··· INFORMATION SHOWN ···

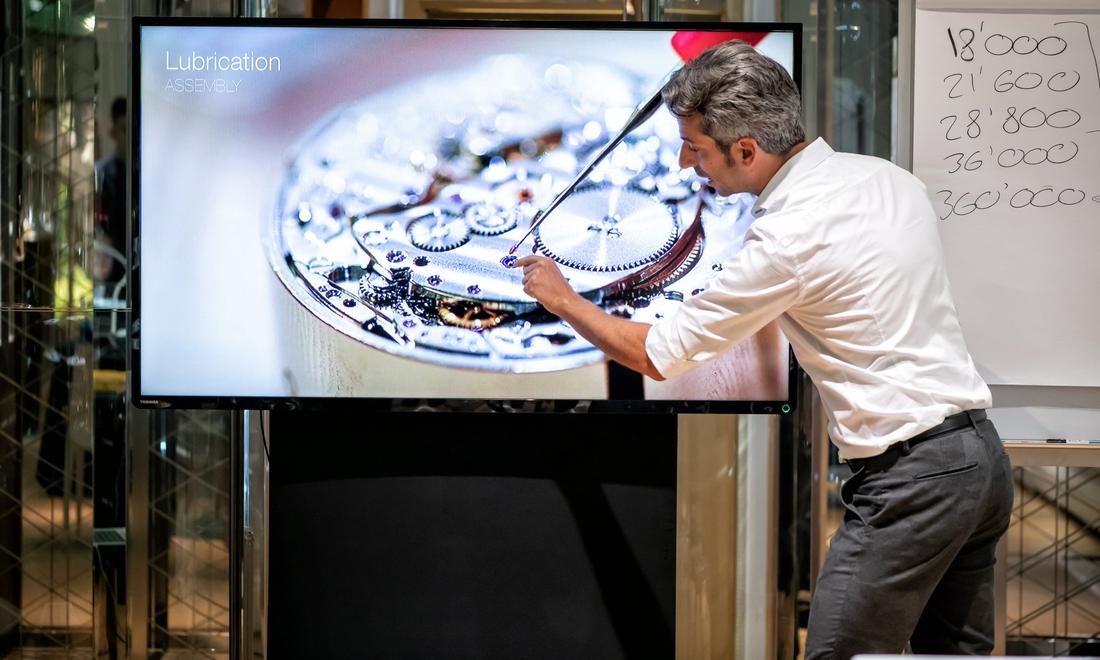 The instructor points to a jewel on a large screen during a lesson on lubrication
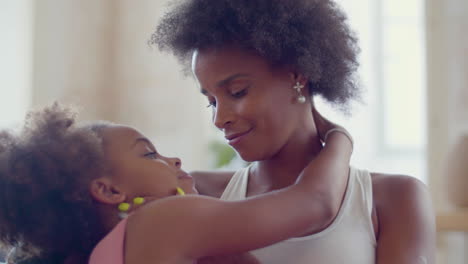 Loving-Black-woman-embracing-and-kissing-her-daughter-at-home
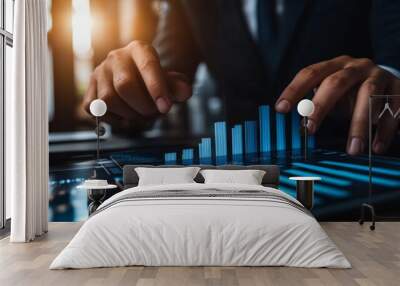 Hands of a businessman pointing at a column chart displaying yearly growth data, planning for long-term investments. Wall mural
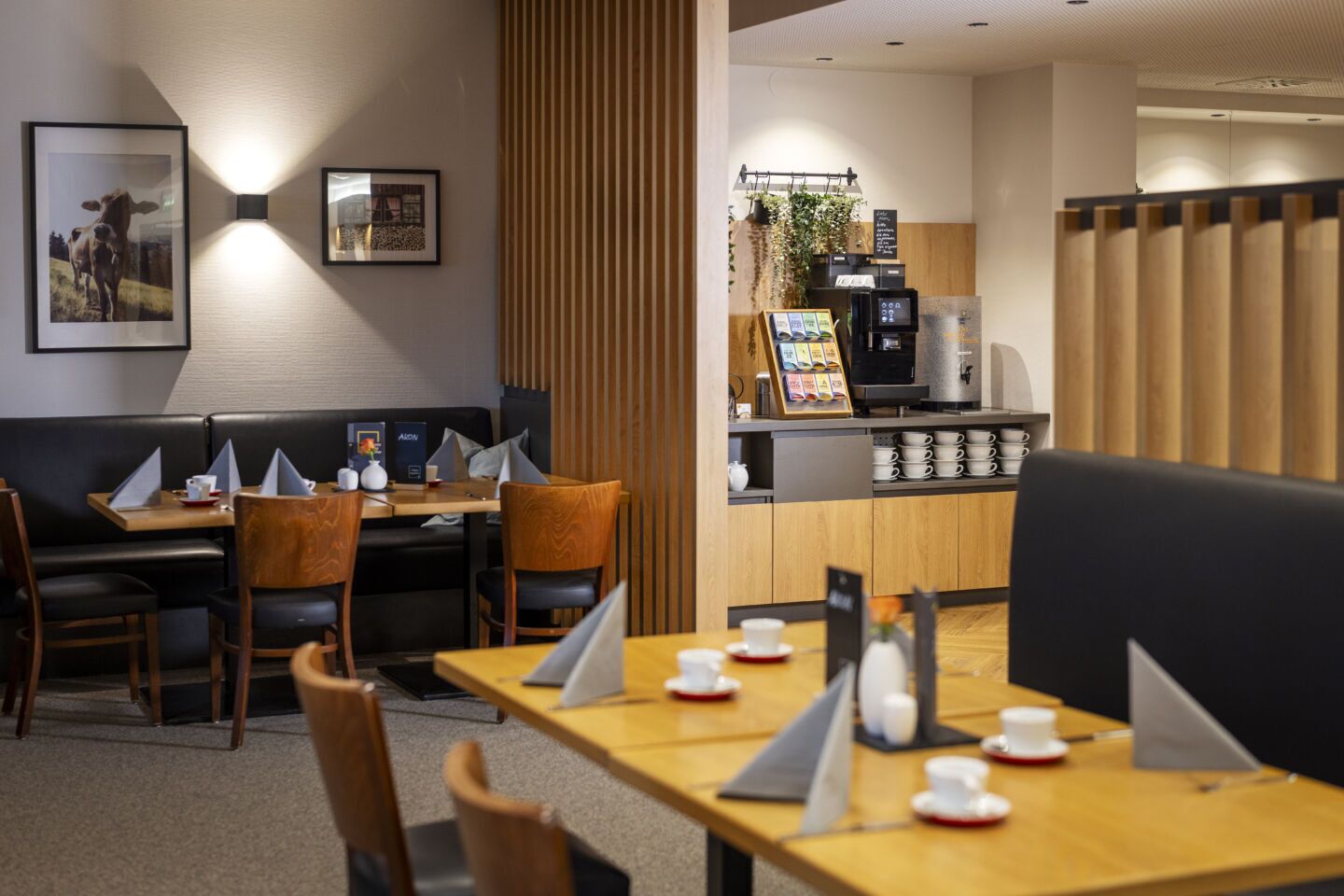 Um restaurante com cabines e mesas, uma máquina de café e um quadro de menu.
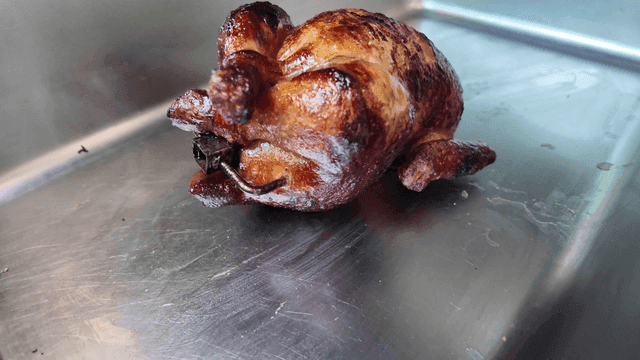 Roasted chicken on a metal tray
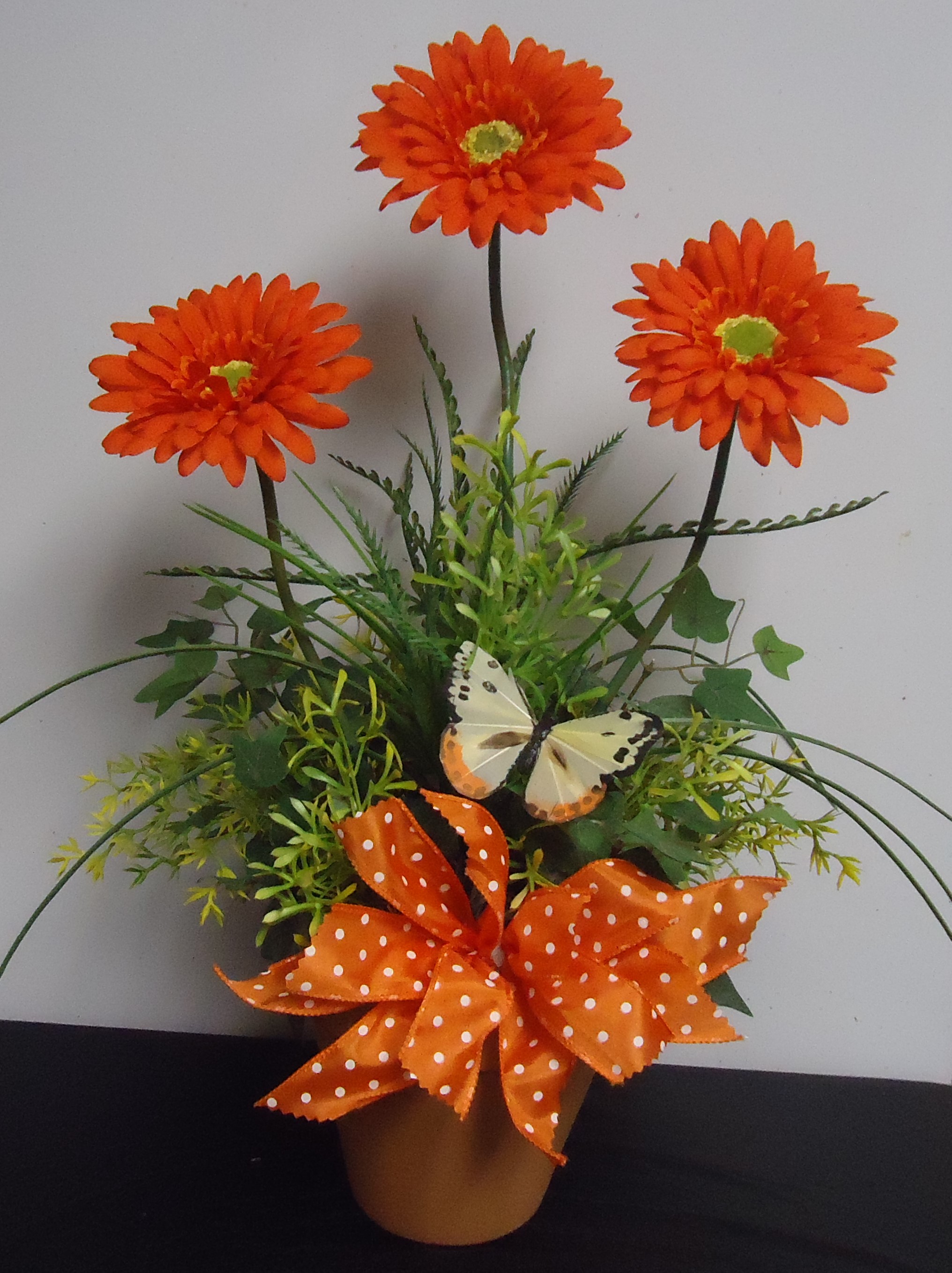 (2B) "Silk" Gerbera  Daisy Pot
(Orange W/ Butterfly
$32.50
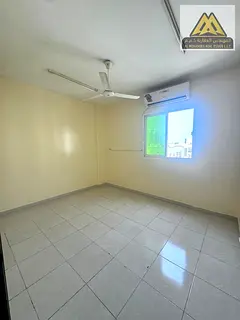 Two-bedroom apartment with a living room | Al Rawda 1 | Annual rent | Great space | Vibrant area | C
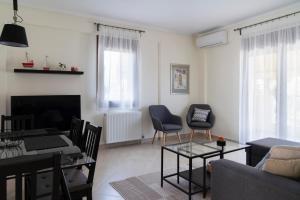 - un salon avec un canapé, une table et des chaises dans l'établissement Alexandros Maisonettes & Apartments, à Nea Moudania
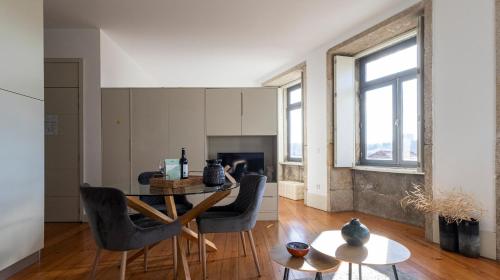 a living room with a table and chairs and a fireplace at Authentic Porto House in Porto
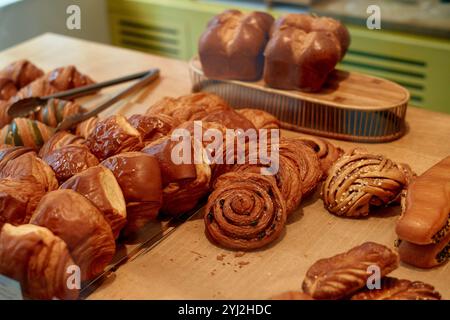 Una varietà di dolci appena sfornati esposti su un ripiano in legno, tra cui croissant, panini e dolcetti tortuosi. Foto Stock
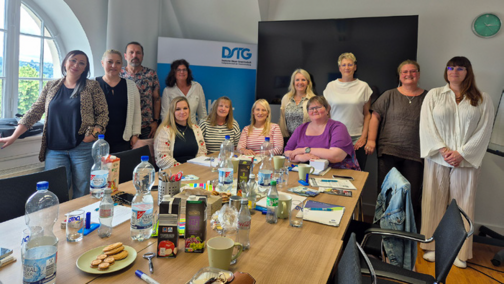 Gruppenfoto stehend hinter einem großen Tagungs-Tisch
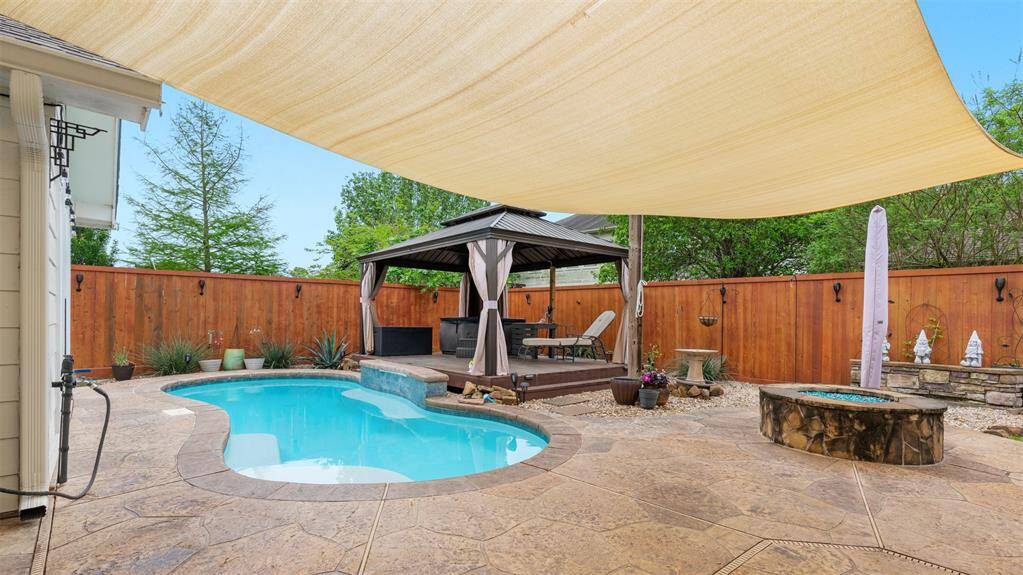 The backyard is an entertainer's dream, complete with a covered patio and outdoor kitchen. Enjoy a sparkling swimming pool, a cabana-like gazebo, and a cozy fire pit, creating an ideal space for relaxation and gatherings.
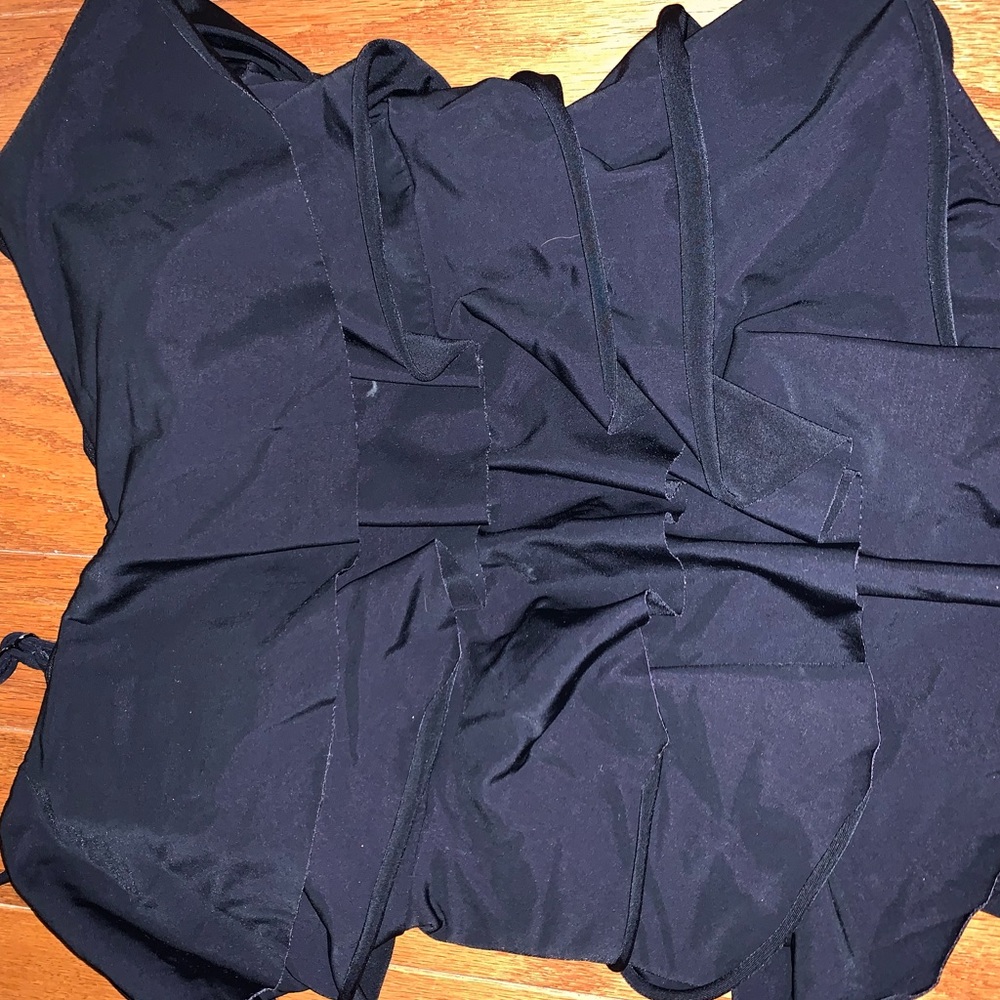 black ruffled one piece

···

- ASSIGNMENT:
Give the data above again, exactly and completely. No pictures go in.

- WRITTEN SOLUTION:
 The instructor points to a jewel on a large screen during a lesson on lubrication
 Loving-Black-woman-embracing-and-kissing-her-daughter-at-home
 Hands of a businessman pointing at a column chart displaying yearly growth data, planning for long-term investments. Wall mural
 Um restaurante com cabines e mesas, uma máquina de café e um quadro de menu.
 Roasted chicken on a metal tray
 (2B) "Silk" Gerbera  Daisy Pot
(Orange W/ Butterfly
$32.50
 Two-bedroom apartment with a living room | Al Rawda 1 | Annual rent | Great space | Vibrant area | C
 - un salon avec un canapé, une table et des chaises dans l'établissement Alexandros Maisonettes & Apartments, à Nea Moudania
 a living room with a table and chairs and a fireplace at Authentic Porto House in Porto
 Una varietà di dolci appena sfornati esposti su un ripiano in legno, tra cui croissant, panini e dolcetti tortuosi. Foto Stock
 Gruppenfoto stehend hinter einem großen Tagungs-Tisch
 The backyard is an entertainer's dream, complete with a covered patio and outdoor kitchen. Enjoy a sparkling swimming pool, a cabana-like gazebo, and a cozy fire pit, creating an ideal space for relaxation and gatherings.
 black ruffled one piece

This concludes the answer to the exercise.